In-distribution generation quality (lower MMD is better, higher COV is better, lower 1-NNA is better):

Method	MMD ↓	COV ↑	1-NNA ↓	Note
CAGE	0.0193	0.6064	0.5319	Diffusion+Graph base
ArtFormer-PR	0.0214	0.6400	0.3950	Strong baseline
LAM*	0.0149	0.6871	0.3599	Best performance
LAM (finetuned)	0.0210	0.6235	0.4369	Significant improvement via LAMBench

Key Findings¶

Unified Code Representation leads: LAM* is optimal across MMD, COV, and 1-NNA, showing shape distributions that are both closer to ground truth and more diverse.
LAMBench significantly boosts open-source models: Qwen3-VL-8B saw joint success rates jump from 36.8%→51.6% and GPT-5 pass rates from 66.1%→69.3% after fine-tuning.
Superiority in complexity: In Open-World evaluation, LAM achieved a 91.7% user preference. It dominates Articulate Anything in generalization and complex object handling.

Highlights & Insights¶

Treating "Code as 3D Representation" for articulated objects is the smartest move: By decoupling cost from resolution, LAM bypasses memory bottlenecks of end-to-end models, enabling high-part-count generation.
Leveraging geometric alignment for articulation: Since links are already aligned in a shared frame during the geometry stage, the joint stage avoids predicting complex relative poses, simplifying the problem significantly.
VLM feedback-loop makes generation error-correctable: Per-link coloring allows VLMs to give specific feedback, turning text-to-3D into an iterative refinement process that is far more robust than one-shot generation.

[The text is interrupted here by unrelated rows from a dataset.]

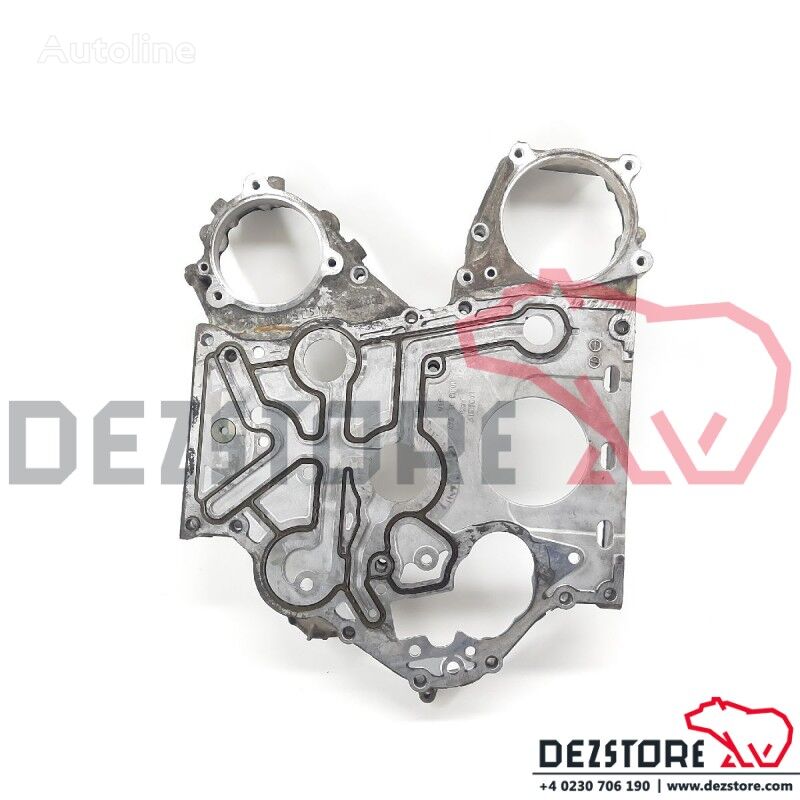 Capac frontal motor Mercedes-Benz A9360103733 لـ السيارات القاطرة Mercedes-Benz Arocs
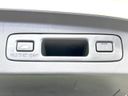 2025 Honda Vezel 6AA-RV5 (UW-6a9cdb7adf573)[6]
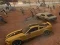 Spel Zombie Car Crash: Drift Zone online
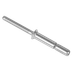 Sealey SSR6422 Stainless Steel Countersunk Rivets 6.4 x 22mm - Pack of 50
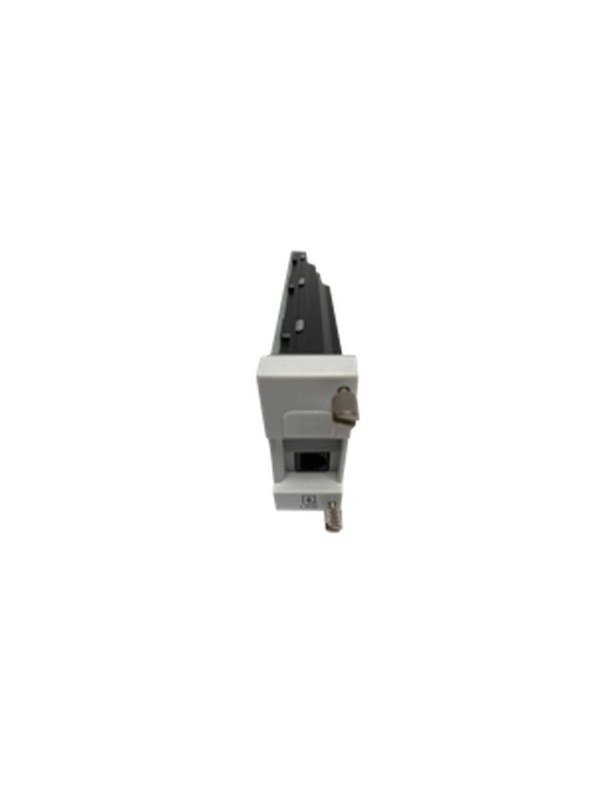 EPSON WIRELESS LAN INTERFACE-P1 5GHZ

Limitations & Future Work¶

Heavy reliance on commercial models: High scores for LAM* depend on GPT-4o/o3/Gemini. The open-source gap is still significant.
Geometry limited to Three.js primitives: Parametric assembly using primitives might struggle with highly irregular or organic shapes.
Evaluation bias: Relying on LLM judges (GPT-5 pass rate) introduces potential bias; objective physical simulation (e.g., grasping) is lacking.
Cost and convergence: The time/token cost of multi-round VLM loops and the risk of infinite loops in feedback are not extensively discussed.

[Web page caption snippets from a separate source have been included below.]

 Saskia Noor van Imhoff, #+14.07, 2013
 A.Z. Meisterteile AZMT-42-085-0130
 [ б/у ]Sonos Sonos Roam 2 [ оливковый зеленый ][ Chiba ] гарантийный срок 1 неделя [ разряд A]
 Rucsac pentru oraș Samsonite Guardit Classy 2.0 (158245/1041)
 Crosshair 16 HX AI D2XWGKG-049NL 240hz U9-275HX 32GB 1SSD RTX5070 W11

vs Articulate Anything: Both use code-to-URDF, but LAM uses unified code for both geometry and joints with VLM loops, leading to 77.1% vs 40.3% joint success.
vs CAGE / ArtFormer: Diffusion/Graph models struggle with high-part-count data scarcity and memory; LAM uses code to bypass these limits.
vs SINGAPO: While SINGAPO requires image inputs and fails on OOD classes, LAM generalizes to new classes from text alone.

Rating¶

Novelty: ⭐⭐⭐⭐⭐ Decoupling part-count from memory via code and multi-agent loops is a novel path.
Experimental Thoroughness: ⭐⭐⭐⭐ Extensive metrics across success rates, alignment, and quality, though physical simulation validation is thin.
Writing Quality: ⭐⭐⭐⭐ Clear frameworks and intuitive examples.
Value: ⭐⭐⭐⭐⭐ High potential for generating interactive assets for embodied AI and robotics training.